Nachdem auf der Grundlage der VOB/A eine Ausschreibung durchgeführt worden war, ergab sich, dass die abgegebenen Angebote mindestens 30 Prozent über der Kostenschätzung lagen. Da das Objekt mit öffentlichen Mitteln gefördert werden sollte, sah sich der Bauherr zur Realisierung nicht mehr in der Lage. Er hob die Ausschreibung auf, woraufhin der günstigste Bieter Schadensersatzansprüche geltend machte.

Generell darf jeder Bieter davon ausgehen, dass nur Leistungen ausgeschrieben werden, von denen der Ausschreibende bei pflichtgemäßer Ermittlung seiner voraussichtlichen Kosten annehmen kann, sie mit den hierfür zur Verfügung stehenden Mitteln auch bezahlen zu können. So ist eine Aufhebung der Ausschreibung regelmäßig dann nicht nach Paragraf 26 VOB/A gerechtfertigt, wenn die fehlende Finanzierung bei einer sorgfältig durchgeführten Ermittlung des Kostenbedarfs bereits vor der Ausschreibung dem Ausschreibenden hätte bekannt sein müssen.

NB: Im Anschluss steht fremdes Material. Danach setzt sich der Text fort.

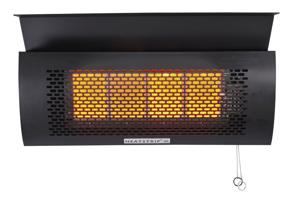 Nástěnný plynový tepelný zářič HEATSTRIP na zemní plyn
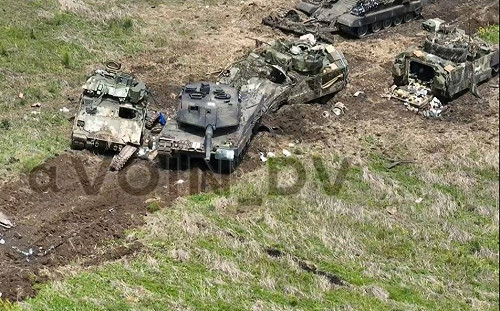 援烏豹式坦克幾乎都被摧毀了? 俄防長二度露面 喜談6月份戰果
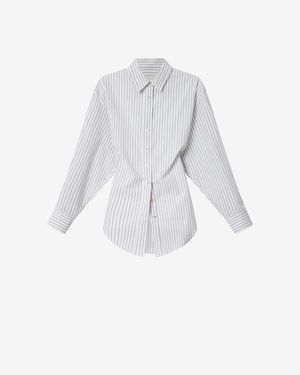Isabel Marant Aurora Shirt - Bianco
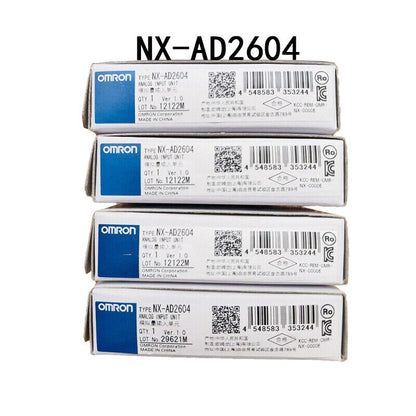 Controller | Omron | 1PCS  Brand new NX-AD2604 NX Fast Shipping In Box analog input module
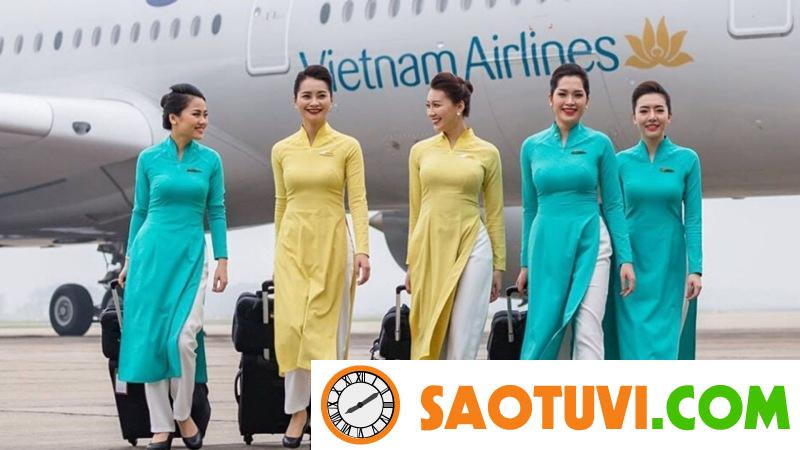 Mức lương của tiếp viên hàng không hãng bay Vietnam Airlines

Die Annahme, es müsse in jedem Fall eines eingeleiteten Vergabeverfahrens ein Zuschlag erteilt werden, ist nicht berechtigt. Auch der Bieter, der im Rahmen einer Ausschreibung das beste Angebot abgegeben hatte, hat deshalb nicht von vornherein Anlass, darauf zu vertrauen, dass ihm der ausgeschriebene Auftrag erteilt wird. Ein gerechtfertigter Vertrauenstatbestand ist erst gegeben, wenn der ausgeschriebene Auftrag tatsächlich – wenn auch unter Verstoß gegen die VOB/A – erteilt wurde.